それぞれの案件自体が「相互に関連性の無い」ものでも、
顧客側の担当者は同一人物であることも少なくありません。
そういう場合に、稀にですが「原価の付け替え」が行われます。
たとえば、外注予算500万円のA案件と、200万円のB案件が有ったとします。
私の勤務先に見積依頼が届き、必要な工数を算出したうえで
「A案件は350万、B案件は250万円」という見積書を提出したとします。
このままですと、A案件はノープロブレムですが、
B案件は予算オーバーになってしまいます。
顧客側担当者が、そんな見積書を自社の購買部へ提出しても、
受理されない可能性が高いのは明白です。
特別な手続きを踏めば受理してもらえるのかもしれませんが、
普通はそんな面倒な事はしません。
そこで、「A案件は400万、B案件は200万円」という、
「(フィクションの)見積書を書いてくれ」と頼まれます。
こちらとしてはまぁ、トータルの「受注額」は同じですから、別に文句はありません。
むしろ、断って受注出来ない方が馬鹿らしい。
ちょちょいのちょいと「数字」をいじって一丁上がりです。
誰も損せず、八方丸く収まってメデタシメデタシ・・・
はたしてそうでしょうか?
確かに、「トータルの数字」は変わりありませんので、
金銭的な「損」は、誰もしていません。
しかし、「本当の情報」を受け取れなかった人がいます。
顧客企業の経営者です。
本来なら、「黒字案件1件、赤字案件1件」という報告が経営者のところに届くはずです。
そして、
「この案件はなぜ赤字になってしまったのだ?どこかに問題があったのか? 繰り返さないようにせねば!」
という改善活動が始まります。
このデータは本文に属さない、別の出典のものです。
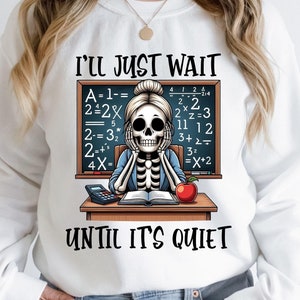 Puede incluir: Sudadera blanca con un profesor esqueleto, una pizarra y el texto "I'll Just Wait Until It's Quiet." El profesor está sentado en un escritorio con un libro, una calculadora y una manzana roja. La pizarra muestra ecuaciones matemáticas.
(たぶん)
ところが、当たり障りのない「フィクションの情報」しか経営者の耳に届かない場合、
当然ですが何も改善はされません。
実際には、「改善すべき課題」が存在すると言うのに・・・
これは、経営者(=マネジメントする側)にとって、かなり深刻な「損」のはずです。
それこそ、金銭的な損に勝るとも劣らない、重大な問題です。
担当者からしたら、自分の抱えている案件の片方が赤字になるのは
(たとえそれが自分の責任ではなかったとしても)嫌なことですから、
隠そうとする気持ちは分からないでもありません。
もしかすると、「こういうのが、案件をスムーズに進めるテクなんだぜ」
と考えているのかもしれません。
to be continued...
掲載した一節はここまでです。